The more meaningful shift in the vulnerability discovery landscape is economic rather than technical, according to several experts.

“Attackers are running roughly the same playbook they always ran,” Peyret notes. “What’s changed is the unit cost of running a credible campaign, and it’s dropped substantially.”

Other experts agreed that AI is turning vulnerability discovery from a scarce human craft into a scalable computational problem.

“Mythos-class systems compress reconnaissance, target triage, payload customization, and social engineering into minutes,” says Noah M. Kenney, founder and principal consultant at Digital 520. “Jailbreaks and black-hat forks will happen, but the bigger risk is legitimate enterprise AI being turned against the enterprise that deployed it.”

Attackers do not need Mythos itself; they need Mythos-like vulnerability discovery workflows, says Mudit Sinha, AI Lead at Lineaje.

“Mythos may be expensive and restricted today, but the gap is closing fast through frontier models, specialized cyber models, and black-hat harnesses around general-purpose AI,” he says.

Exploit pathways

The historical bottleneck in offensive cyber operations was finding novel weaknesses.

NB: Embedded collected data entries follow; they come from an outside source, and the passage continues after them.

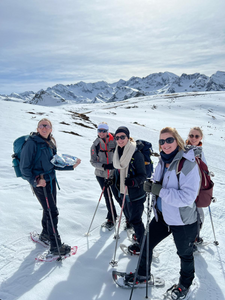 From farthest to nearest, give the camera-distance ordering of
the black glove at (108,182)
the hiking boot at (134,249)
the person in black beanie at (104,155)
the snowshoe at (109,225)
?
the snowshoe at (109,225), the person in black beanie at (104,155), the black glove at (108,182), the hiking boot at (134,249)

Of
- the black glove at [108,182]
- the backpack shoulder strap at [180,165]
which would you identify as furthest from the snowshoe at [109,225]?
the backpack shoulder strap at [180,165]

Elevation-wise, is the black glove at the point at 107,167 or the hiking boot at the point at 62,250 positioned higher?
the black glove at the point at 107,167

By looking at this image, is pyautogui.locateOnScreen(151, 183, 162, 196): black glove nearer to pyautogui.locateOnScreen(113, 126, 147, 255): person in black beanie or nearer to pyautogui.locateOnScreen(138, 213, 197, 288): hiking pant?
pyautogui.locateOnScreen(138, 213, 197, 288): hiking pant

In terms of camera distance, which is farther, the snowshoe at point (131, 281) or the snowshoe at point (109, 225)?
the snowshoe at point (109, 225)

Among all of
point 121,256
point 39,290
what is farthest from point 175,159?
point 39,290

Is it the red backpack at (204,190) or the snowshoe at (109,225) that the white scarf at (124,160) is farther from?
the snowshoe at (109,225)

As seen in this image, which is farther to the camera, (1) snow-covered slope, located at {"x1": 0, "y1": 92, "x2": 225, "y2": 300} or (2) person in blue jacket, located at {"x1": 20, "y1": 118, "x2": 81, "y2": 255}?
(2) person in blue jacket, located at {"x1": 20, "y1": 118, "x2": 81, "y2": 255}

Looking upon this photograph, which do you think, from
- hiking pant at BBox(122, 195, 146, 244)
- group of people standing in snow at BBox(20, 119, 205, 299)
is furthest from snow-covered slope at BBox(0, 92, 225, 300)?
hiking pant at BBox(122, 195, 146, 244)

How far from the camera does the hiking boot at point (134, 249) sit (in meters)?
3.84

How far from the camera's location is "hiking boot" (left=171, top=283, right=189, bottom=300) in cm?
291

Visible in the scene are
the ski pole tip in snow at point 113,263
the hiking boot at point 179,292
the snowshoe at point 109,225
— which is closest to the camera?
the hiking boot at point 179,292

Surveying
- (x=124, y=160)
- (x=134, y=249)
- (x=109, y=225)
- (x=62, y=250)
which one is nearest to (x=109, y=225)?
(x=109, y=225)

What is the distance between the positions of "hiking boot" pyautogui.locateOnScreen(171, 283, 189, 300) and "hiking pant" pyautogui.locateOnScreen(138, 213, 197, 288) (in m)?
0.06

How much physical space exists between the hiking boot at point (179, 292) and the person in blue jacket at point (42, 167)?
6.40ft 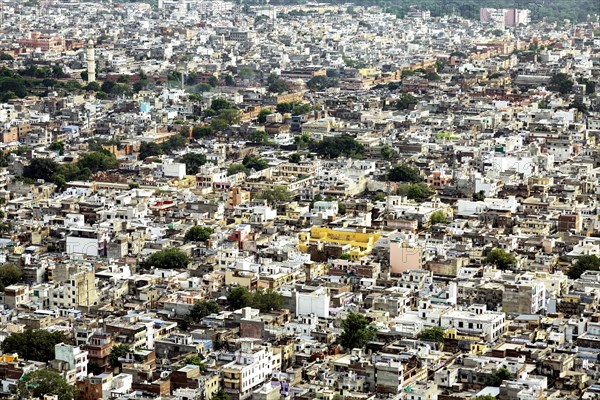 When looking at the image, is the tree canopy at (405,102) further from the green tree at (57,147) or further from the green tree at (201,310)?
the green tree at (201,310)

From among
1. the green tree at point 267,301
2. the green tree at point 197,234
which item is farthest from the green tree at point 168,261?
the green tree at point 267,301

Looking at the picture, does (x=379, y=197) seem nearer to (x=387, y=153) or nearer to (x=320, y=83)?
(x=387, y=153)

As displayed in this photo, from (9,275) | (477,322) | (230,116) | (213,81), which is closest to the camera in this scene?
(477,322)

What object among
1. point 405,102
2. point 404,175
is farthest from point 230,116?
point 404,175

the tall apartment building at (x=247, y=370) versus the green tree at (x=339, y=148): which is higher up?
the green tree at (x=339, y=148)

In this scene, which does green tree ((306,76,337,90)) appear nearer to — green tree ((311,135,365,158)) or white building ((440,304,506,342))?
green tree ((311,135,365,158))

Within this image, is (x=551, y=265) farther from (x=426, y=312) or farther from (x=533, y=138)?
(x=533, y=138)

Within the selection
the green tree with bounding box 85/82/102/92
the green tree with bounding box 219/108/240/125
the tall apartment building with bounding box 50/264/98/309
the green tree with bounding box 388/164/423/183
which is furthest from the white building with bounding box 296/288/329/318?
the green tree with bounding box 85/82/102/92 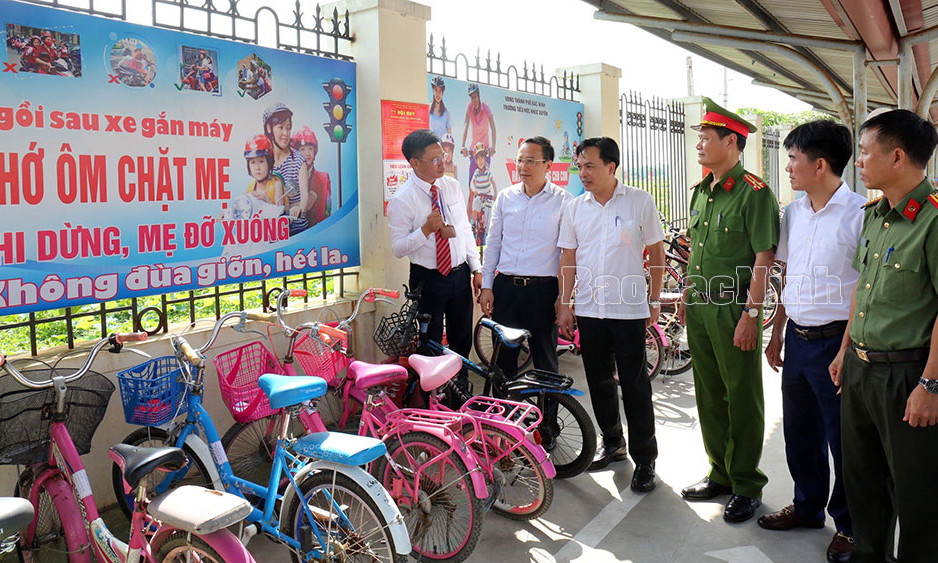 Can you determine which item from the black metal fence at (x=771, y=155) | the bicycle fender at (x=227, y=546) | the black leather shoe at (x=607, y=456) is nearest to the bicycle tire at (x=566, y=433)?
the black leather shoe at (x=607, y=456)

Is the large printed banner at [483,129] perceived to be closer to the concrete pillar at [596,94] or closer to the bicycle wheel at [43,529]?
the concrete pillar at [596,94]

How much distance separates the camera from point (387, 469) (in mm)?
3230

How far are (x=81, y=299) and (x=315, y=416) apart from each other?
1.44 meters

AI-native cyber systems are automating code reasoning, attack-path identification, and variant analysis at machine speed, according to Kai CISO Alfredo Hickman.

“The constraint is shifting from ‘Can we find bugs?’ to ‘Can we reliably weaponize and scale them?’” he says.

Louis Leung, a software developer and co-founder at InFlow Inventory, believes attackers’ real challenge remains turning a discovered weakness into a stable, stealthy, repeatable capability that survives modern defensive controls and produces operational impact.

“The hard part is turning the bug into a stable working exploit that functions across real-world production environments, which come with modern defenses, monitoring, and patching solutions,” he says. “Attackers increasingly need to chain multiple weaknesses together in SaaS environments — like inventory and warehouse systems — more than they need to identify the first point of weakness.”

Still, frontier AI models are likely to accelerate the ability to chain those weaknesses together, said Jon Yeoh, chief scientific officer at the Cloud Security Alliance, at the recent CSO Cybersecurity Awards and Conference.

“We’re looking at taking like maybe three or four CVEs that were very low-level and chaining those to become something that’s high or critical,” he said. “That’s something we haven’t seen — just what the models themselves do with a simple prompt.”

Opening Pandora’s Box

Independent security experts were keen to avoid blaming Anthropic for opening a Pandora’s Box full of vulnerability discoveries, however.

“I do think Anthropic is trying to do the right thing by getting organizations involved early, letting them battle-test, harden, and build some understanding of what this looks like in the wild before it’s widely available,” says Melissa Bischoping, head of threat research and intelligence at Tanium. “It’s not a perfect solution, but the spirit and intent are well-placed.”

Bischoping, a SANS Technology Institute board member, warns that there are concerns whether organizational change control can move fast enough to action what Mythos finds before Mythos is out in the wild.

“Agentic patch workflows are possible and can match pace with adversarial AI in a lot of cases, but [organizational] politics and change control don’t run at the speed of AI today,” says Bischoping.

Countermeasures

For defenders, the answer to the challenge posed by frontier AI models is faster vulnerability remediation.

“Security teams need to stop treating vulnerability discovery as the hard part and start fixing aggressively,” argues Lineaje’s Sinha. “Known CVEs are the easiest place to begin: prioritize, validate exploitability, patch, test, and verify continuously. The same frontier models that can detect vulnerabilities often have some capacity to remediate them, but they need a harness around them: asset context, SBOMs, exploitability validation, patch generation, CI/CD checks, sandboxed testing, and human approval for risky changes.”

AI Operations’ Ramos adds: “If AI surfaces vulnerabilities at a rate that outpaces human remediation, and Mythos suggests it will, then the strategic priority has to shift toward containment and resilience.”

“Assume breach. Shrink blast radius,” Ramos concludes.